No Dimension-Free Deterministic Algorithm Computes Approximate Stationarities of Lipschitzians

TL;DR

This paper proves that no deterministic algorithm can compute approximate stationarities of Lipschitz functions with dimension-free complexity, highlighting fundamental limitations in nonconvex nonsmooth optimization.

Contribution

It establishes that deterministic methods cannot match the dimension-free efficiency of recent randomized algorithms for Lipschitz functions.

Findings

Deterministic algorithms cannot achieve dimension-free complexity for approximate stationarity.

Most oracle-based methods in smooth optimization are ruled out as zero-respecting in this setting.

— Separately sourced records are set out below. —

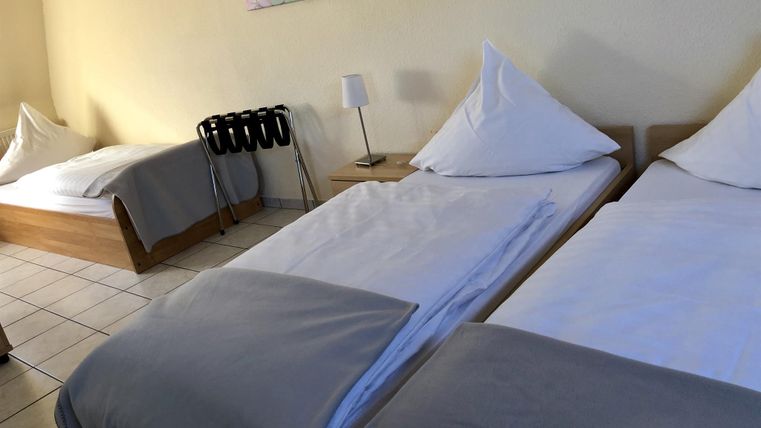 Ein einfaches Zimmer mit drei Betten und neutraler Einrichtung. Die Wände sind hell, und es gibt ein Gemälde als Dekoration.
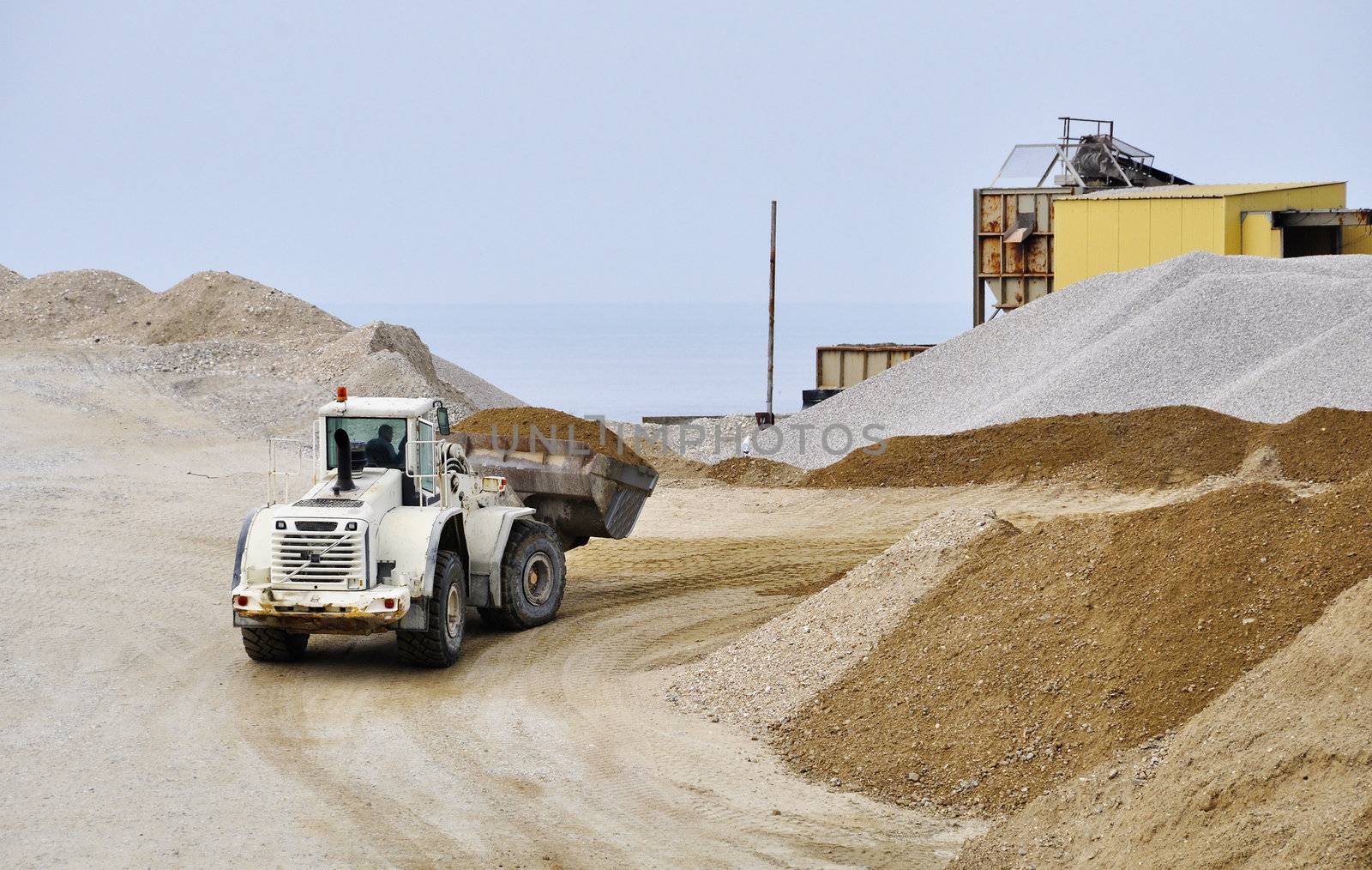 A white bulldozer moving gravel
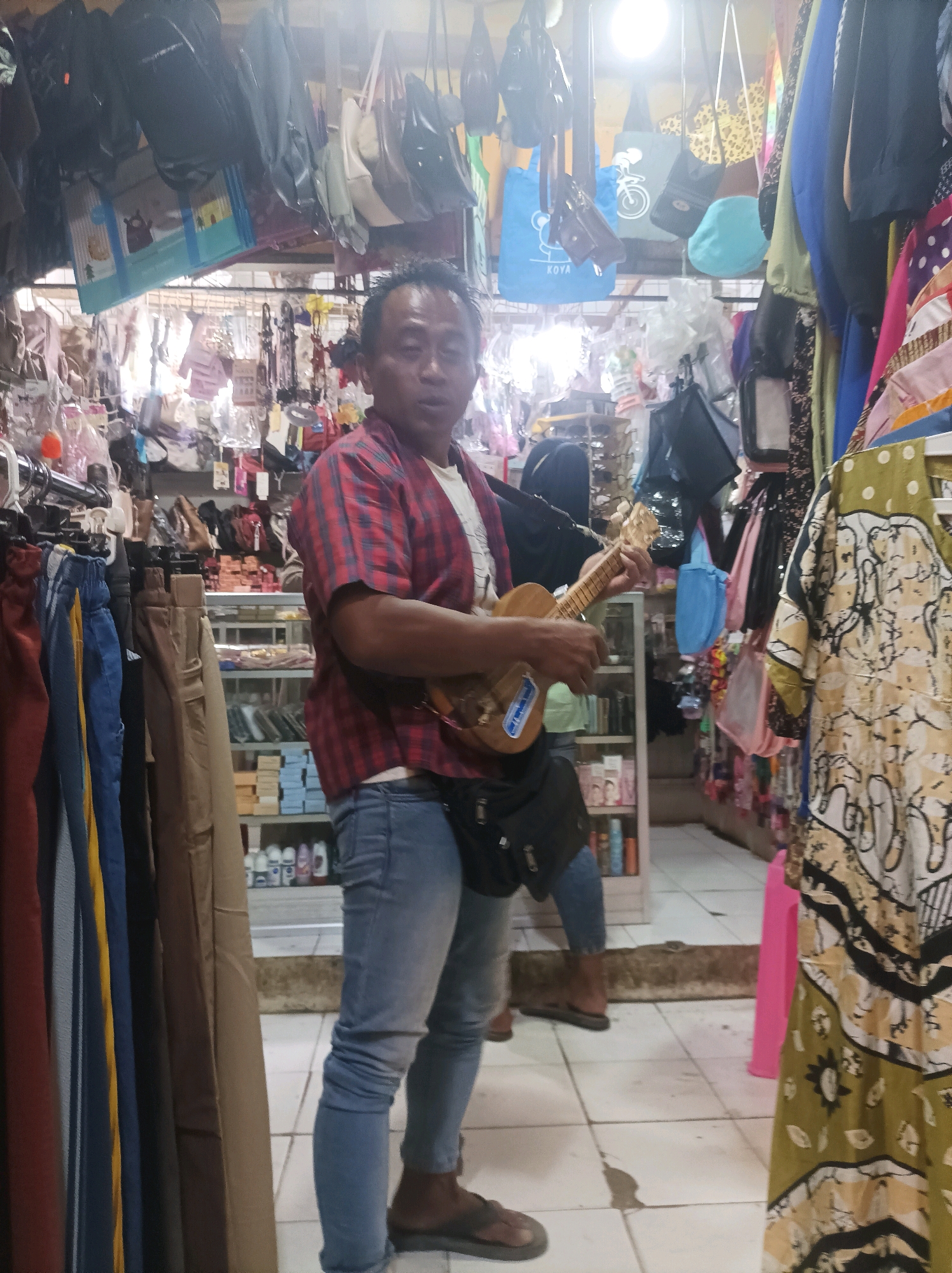 A man stands in a market stall in Sumuragung, Indonesia, playing a ukulele. He is wearing a red and blue plaid shirt, blue jeans, and dark sandals. A black bag is slung across his chest. The stall is filled with merchandise, including clothing racks, shelves of products, and various bags hanging from the ceiling. The floor is tiled. The lighting is bright, suggesting an indoor setting with overhead illumination. The background shows more stalls and a glimpse of the market's interior.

Fundamental barriers exist for nonconvex nonsmooth problems in large-scale and infinite-dimensional contexts.

Abstract

We consider the computation of an approximately stationary point for a Lipschitz and semialgebraic function $f$ with a local oracle. If $f$ is smooth, simple deterministic methods have dimension-free finite oracle complexities. For the general Lipschitz setting, only recently, Zhang et al. [47] introduced a randomized algorithm that computes Goldstein's approximate stationarity [25] to arbitrary precision with a dimension-free polynomial oracle complexity. In this paper, we show that no deterministic algorithm can do the same. Even without the dimension-free requirement, we show that any finite time guaranteed deterministic method cannot be general zero-respecting, which rules out most of the oracle-based methods in smooth optimization and any trivial derandomization of Zhang et al. [47]. Our results reveal a fundamental hurdle of nonconvex nonsmooth problems in the modern large-scale setting and their infinite-dimensional extension.